▶ **WHAT YOU ARE ASKED TO DO**: In the records below, find the line with "Lotti & Set" and the line with "Motolékárnička Motolekárnička textilná, podľa"; return exactly those lines and every line between them.

▶ **Caption-style text data**:
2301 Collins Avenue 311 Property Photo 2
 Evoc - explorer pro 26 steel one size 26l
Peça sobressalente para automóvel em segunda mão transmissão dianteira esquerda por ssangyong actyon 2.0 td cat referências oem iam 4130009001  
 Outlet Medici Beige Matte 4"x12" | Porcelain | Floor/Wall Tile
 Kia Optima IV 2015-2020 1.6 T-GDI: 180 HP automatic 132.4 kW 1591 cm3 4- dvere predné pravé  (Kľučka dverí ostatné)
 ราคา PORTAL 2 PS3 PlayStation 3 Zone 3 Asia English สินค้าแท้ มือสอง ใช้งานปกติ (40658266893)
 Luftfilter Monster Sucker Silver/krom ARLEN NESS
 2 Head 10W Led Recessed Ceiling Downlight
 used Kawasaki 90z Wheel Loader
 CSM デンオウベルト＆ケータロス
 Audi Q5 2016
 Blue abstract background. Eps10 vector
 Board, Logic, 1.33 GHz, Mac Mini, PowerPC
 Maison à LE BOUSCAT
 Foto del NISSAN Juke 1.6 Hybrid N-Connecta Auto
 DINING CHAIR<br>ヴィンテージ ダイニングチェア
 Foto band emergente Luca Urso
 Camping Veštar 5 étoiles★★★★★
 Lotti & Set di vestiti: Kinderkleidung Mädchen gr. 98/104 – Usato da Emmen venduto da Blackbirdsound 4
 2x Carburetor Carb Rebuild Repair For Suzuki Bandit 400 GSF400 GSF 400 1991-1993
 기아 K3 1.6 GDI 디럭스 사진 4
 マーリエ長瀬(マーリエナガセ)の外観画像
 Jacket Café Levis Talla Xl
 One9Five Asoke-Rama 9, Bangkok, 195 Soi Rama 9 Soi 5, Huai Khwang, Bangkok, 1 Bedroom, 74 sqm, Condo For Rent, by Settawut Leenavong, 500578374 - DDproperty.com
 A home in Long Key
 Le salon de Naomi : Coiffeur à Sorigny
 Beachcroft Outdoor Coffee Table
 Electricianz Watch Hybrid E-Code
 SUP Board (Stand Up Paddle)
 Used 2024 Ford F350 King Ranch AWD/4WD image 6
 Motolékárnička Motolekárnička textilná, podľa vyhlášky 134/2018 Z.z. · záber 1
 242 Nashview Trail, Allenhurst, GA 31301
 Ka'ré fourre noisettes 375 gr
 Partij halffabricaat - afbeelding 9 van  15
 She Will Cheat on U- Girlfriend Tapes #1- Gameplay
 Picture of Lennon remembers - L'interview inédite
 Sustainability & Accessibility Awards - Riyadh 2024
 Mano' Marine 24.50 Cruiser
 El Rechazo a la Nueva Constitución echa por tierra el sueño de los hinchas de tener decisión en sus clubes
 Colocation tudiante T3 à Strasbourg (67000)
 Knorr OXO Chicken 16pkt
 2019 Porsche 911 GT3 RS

▶ **RESULT**:
 Lotti & Set di vestiti: Kinderkleidung Mädchen gr. 98/104 – Usato da Emmen venduto da Blackbirdsound 4
 2x Carburetor Carb Rebuild Repair For Suzuki Bandit 400 GSF400 GSF 400 1991-1993
 기아 K3 1.6 GDI 디럭스 사진 4
 マーリエ長瀬(マーリエナガセ)の外観画像
 Jacket Café Levis Talla Xl
 One9Five Asoke-Rama 9, Bangkok, 195 Soi Rama 9 Soi 5, Huai Khwang, Bangkok, 1 Bedroom, 74 sqm, Condo For Rent, by Settawut Leenavong, 500578374 - DDproperty.com
 A home in Long Key
 Le salon de Naomi : Coiffeur à Sorigny
 Beachcroft Outdoor Coffee Table
 Electricianz Watch Hybrid E-Code
 SUP Board (Stand Up Paddle)
 Used 2024 Ford F350 King Ranch AWD/4WD image 6
 Motolékárnička Motolekárnička textilná, podľa vyhlášky 134/2018 Z.z. · záber 1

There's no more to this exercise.